Burlington City Arts (formerly The Firehouse Gallery, or The Center, or the Firehouse Center for the Visual Arts) is an art gallery, art education/studio centre and cultural events space in Burlington, Vermont. The building was originally built as the Ethan Allen Firehouse on Church Street in 1889. The building is owned by the City of Burlington. Burlington City Arts uses the building for its exhibits, lectures, and educational programs. The gallery has been open since 1995.

History
The Ethan Allen Firehouse is a community landmark in downtown Burlington. It was designed by local architect A.B. Fisher and completed in 1889. With an 85-foot bell tower, the Firehouse ranked as the tallest building in Burlington in 1889. It began its life as home to the Ethan Allen Engine Company No. 4, one of Burlington’s seven volunteer fire departments. In 1927 the Burlington Police Department took over the building for 40 years.

After the police department moved to South Winooski Avenue in 1967, it was unoccupied for two years and fell into a state of disrepair. The building was scheduled for demolition in 1973 but community interest compelled the Board of Aldermen to stop the demolition plans and put those funds towards the stabilization of the building.

A number of service operations took up residence there in the years that followed, including the offices of U.S. Senator Patrick Leahy, and the University of Vermont’s Church Street Center.
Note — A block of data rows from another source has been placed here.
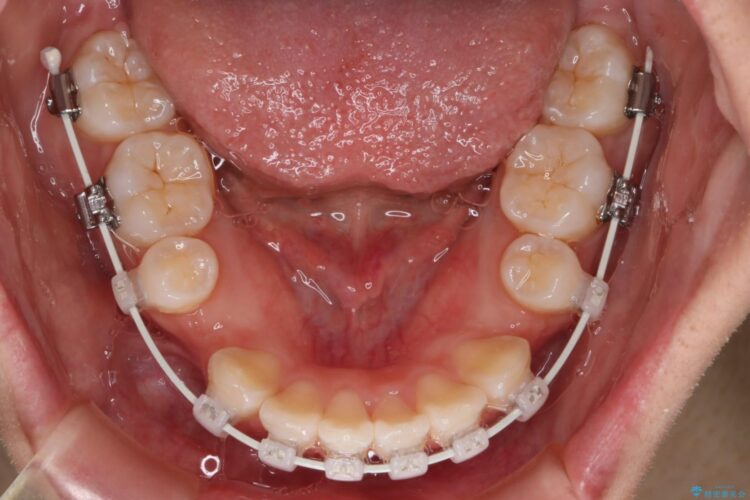 抜歯矯正で口元を下げる 治療途中画像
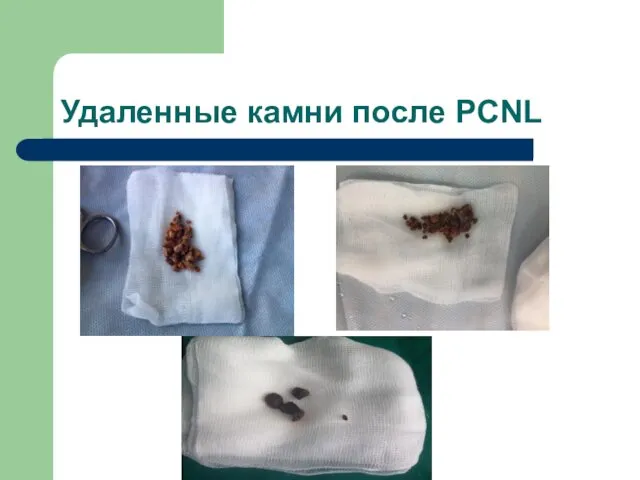 Удаленные камни после PCNL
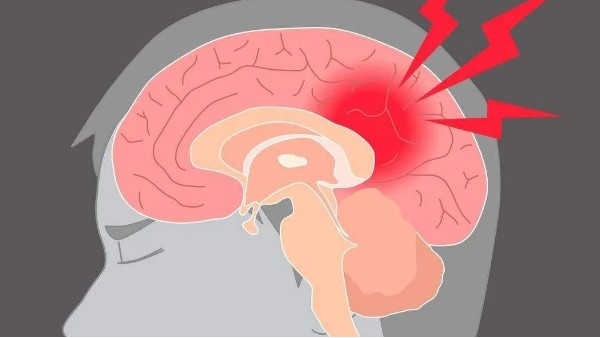 水蛭治療缺血性腦血管病療效肯定、安全簡(jiǎn)便，已被各家公認(rèn)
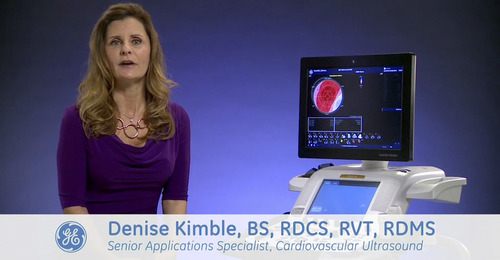 Vivid E9 with XDclear: Automated Functional Imaging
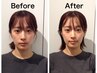 【5周年記念♪】人気No.1メニューが今だけ限定特別価格！【17900→2900】
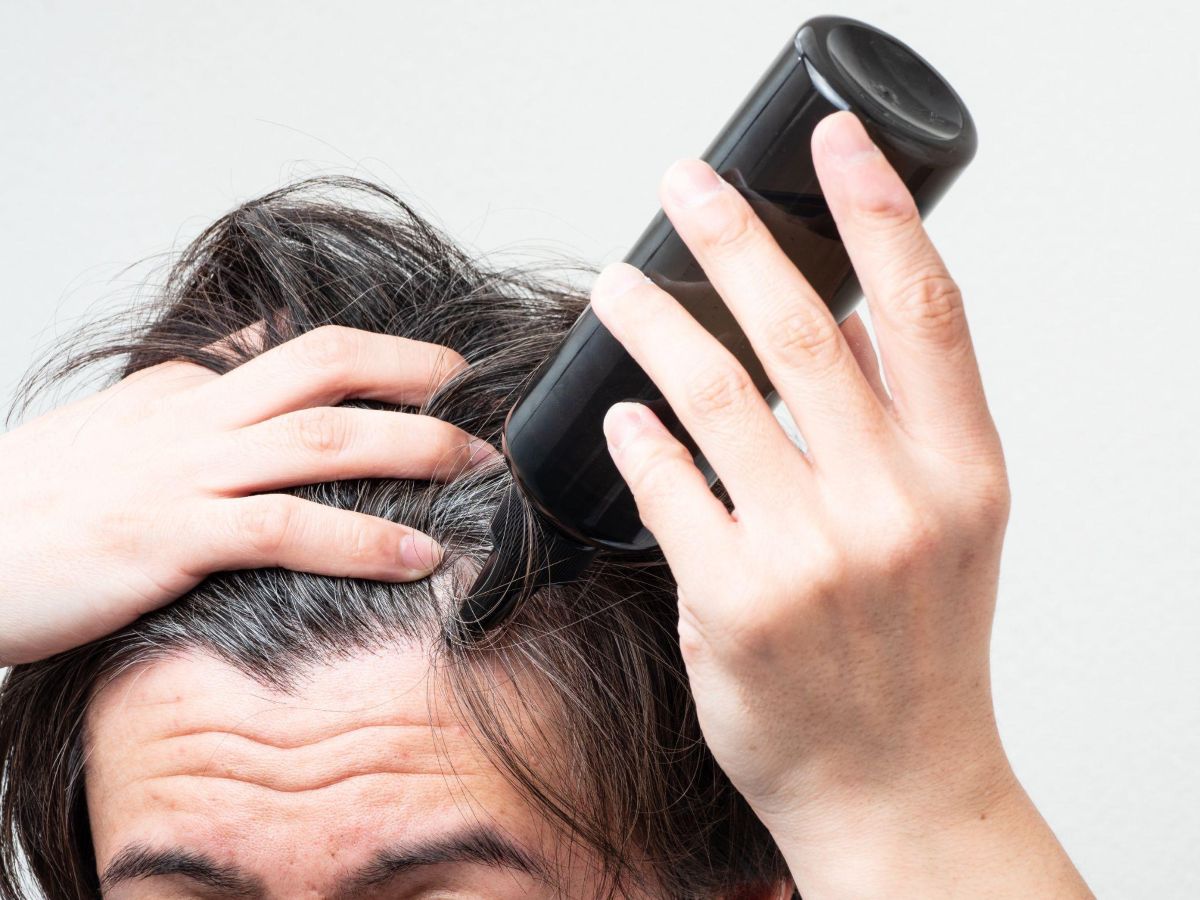 ミノキシジルによる発毛メカニズム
BCA first began developing the concept of an arts center in 1995, soon after the Firehouse Gallery moved into half of the ground floor. The Ethan Allen Firehouse was selected for this concept.

Renovation

In 1999, the City Council voted to transform the firehouse into the Firehouse Center for the Visual Arts. BCA hired an architect for the renovation and in the spring of 2001, they began construction. After a few months, progress stopped when a large crack developed on the north wall and the building sank by about 4 inches (100 mm). After much stabilization, construction resumed.

To complete the renovation, Shelburne Museum returned the original bell back to the Firehouse tower.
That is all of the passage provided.